→ WHAT YOU NEED TO DO: In the listing below, find the line with "MERCEDES-BENZ SL 320" and the line with "27. Mai 2020". Repeat those two lines and all lines between them exactly.

++++ EXTRACTED INFORMATION ++++

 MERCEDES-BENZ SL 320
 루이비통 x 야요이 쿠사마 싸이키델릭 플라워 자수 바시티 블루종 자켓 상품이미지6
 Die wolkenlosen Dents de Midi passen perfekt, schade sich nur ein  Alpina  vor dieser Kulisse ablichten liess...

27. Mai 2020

++++
++++ EXTRACTED INFORMATION ++++

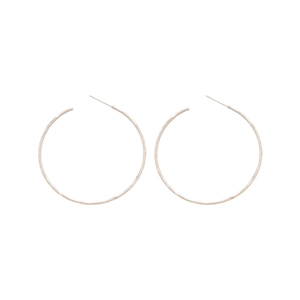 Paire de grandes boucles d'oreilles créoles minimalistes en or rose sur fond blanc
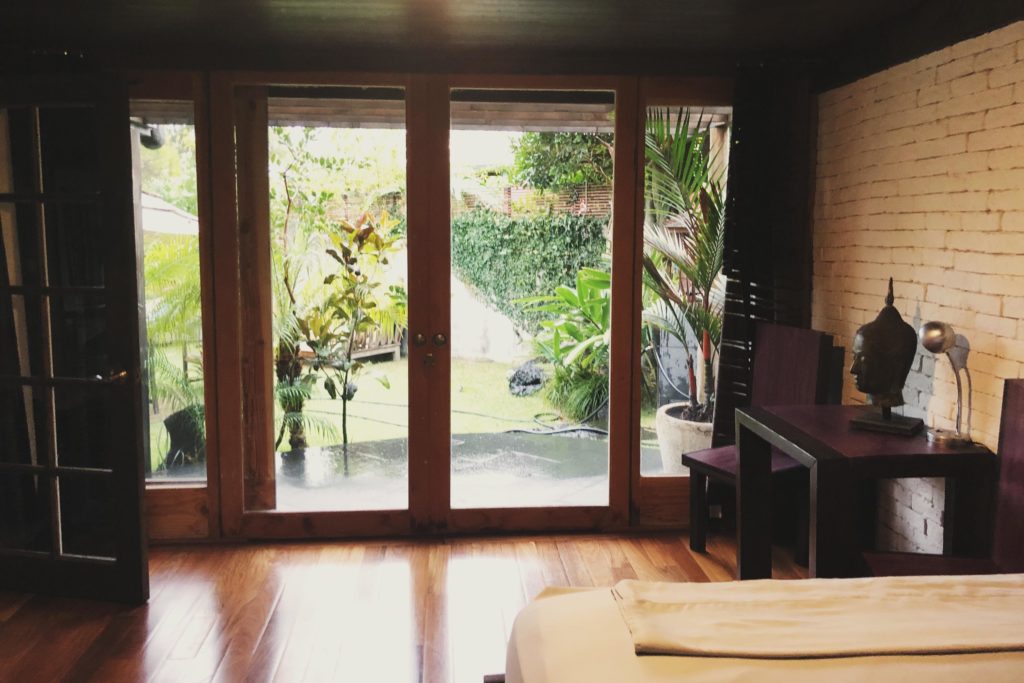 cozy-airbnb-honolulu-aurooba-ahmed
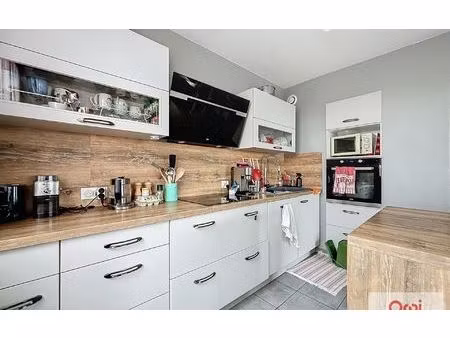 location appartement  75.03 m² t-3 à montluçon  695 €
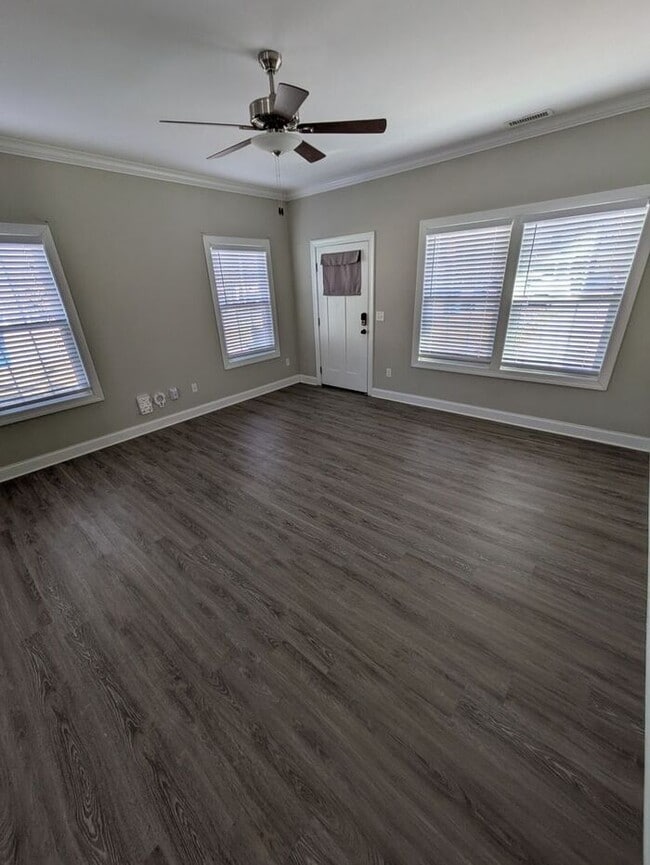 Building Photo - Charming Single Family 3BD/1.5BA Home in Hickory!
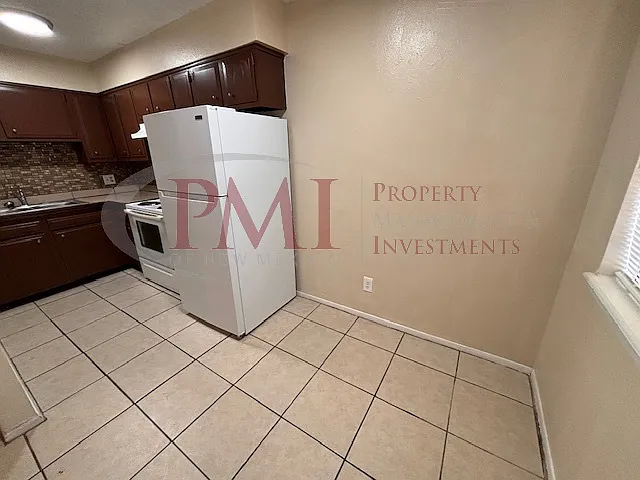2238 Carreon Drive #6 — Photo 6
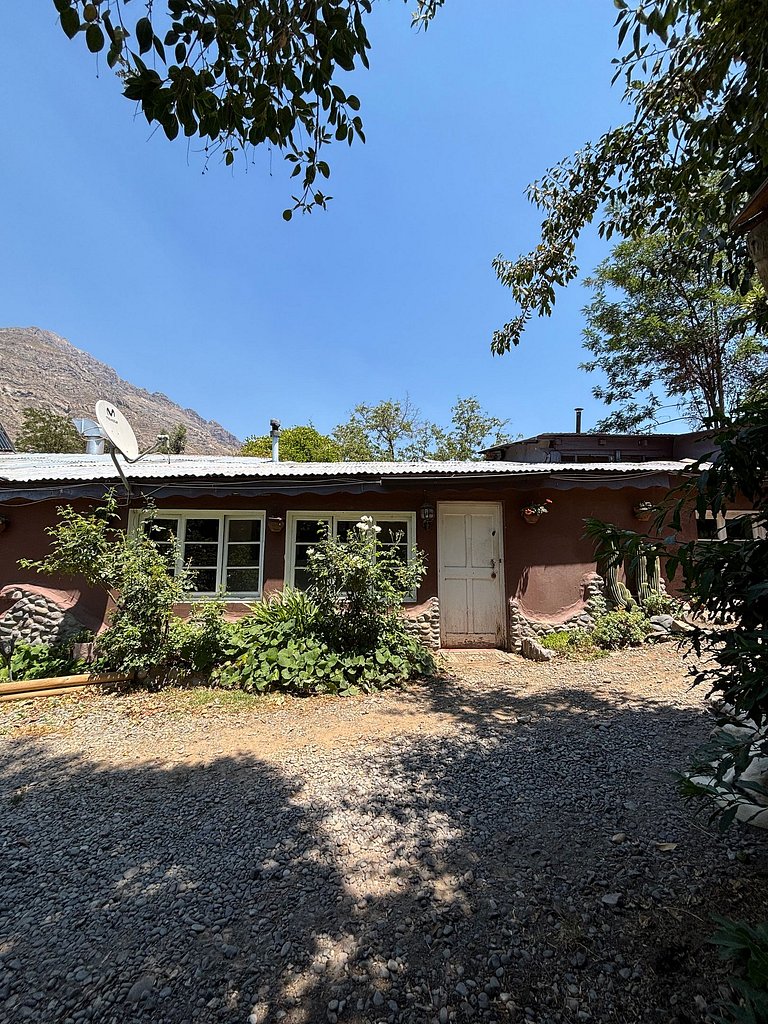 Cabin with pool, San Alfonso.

++++
++++ EXTRACTED INFORMATION ++++

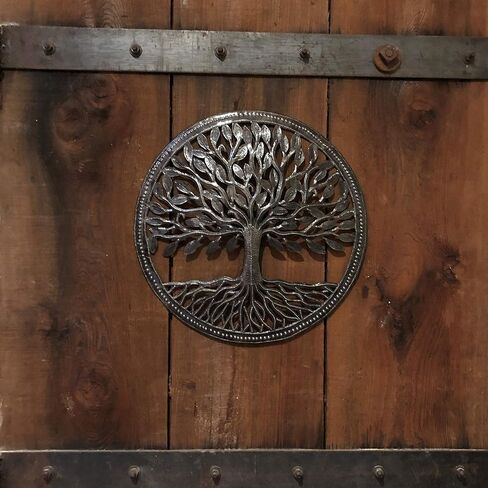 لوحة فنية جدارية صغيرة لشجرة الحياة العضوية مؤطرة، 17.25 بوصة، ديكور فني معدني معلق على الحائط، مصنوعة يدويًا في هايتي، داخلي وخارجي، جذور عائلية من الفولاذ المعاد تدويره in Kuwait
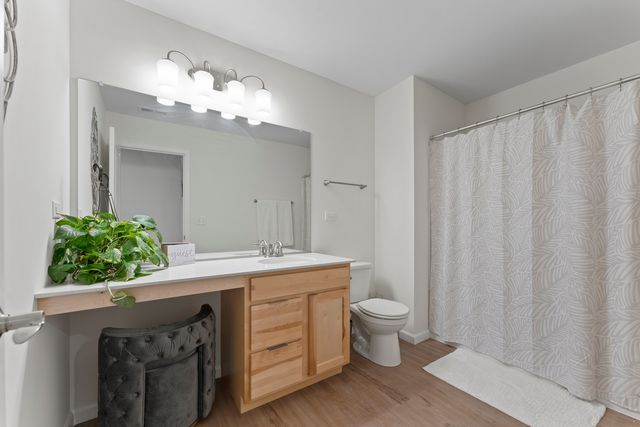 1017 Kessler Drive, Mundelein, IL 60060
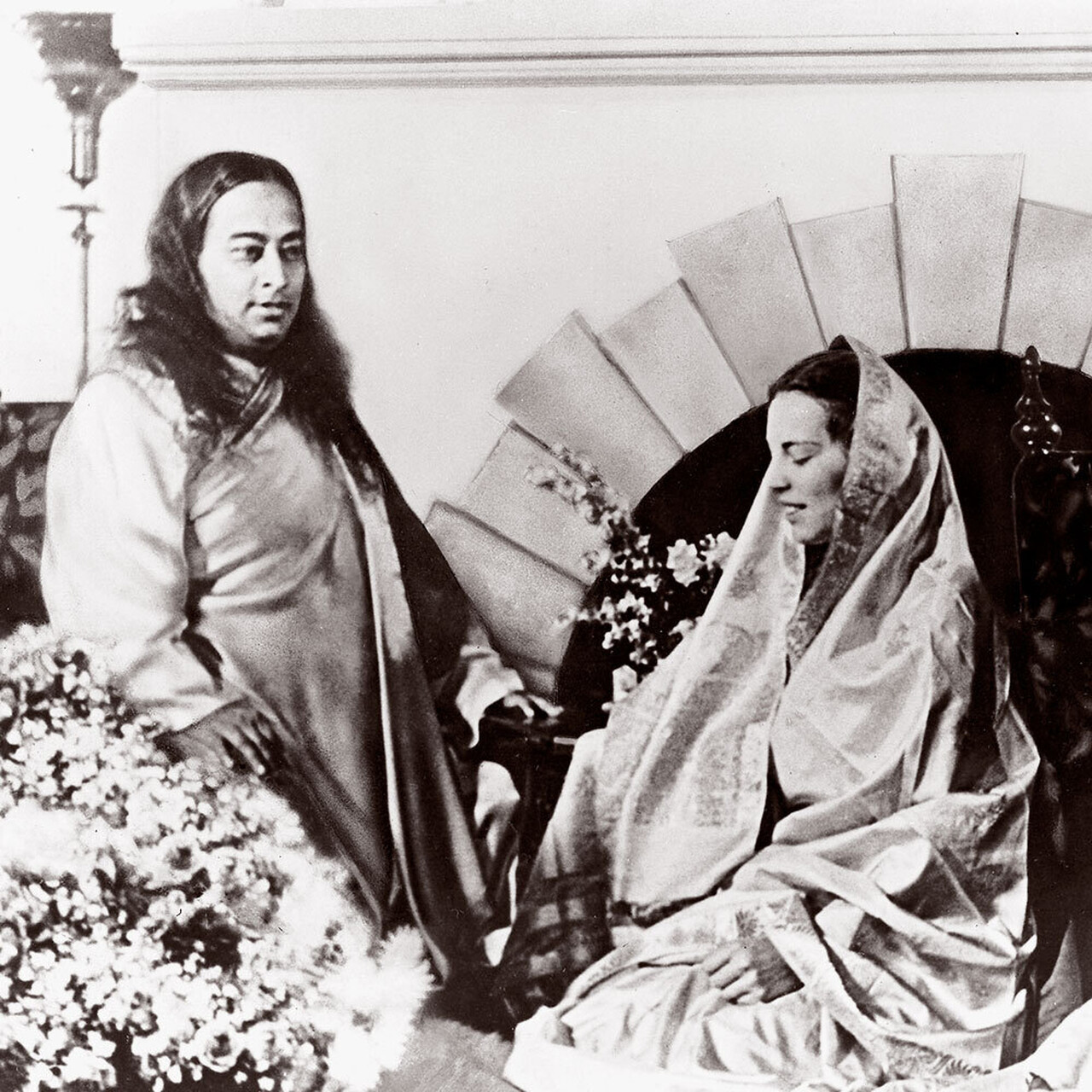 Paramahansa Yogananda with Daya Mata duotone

++++

→ RESPONSE:
 MERCEDES-BENZ SL 320
 루이비통 x 야요이 쿠사마 싸이키델릭 플라워 자수 바시티 블루종 자켓 상품이미지6
 Die wolkenlosen Dents de Midi passen perfekt, schade sich nur ein  Alpina  vor dieser Kulisse ablichten liess...

27. Mai 2020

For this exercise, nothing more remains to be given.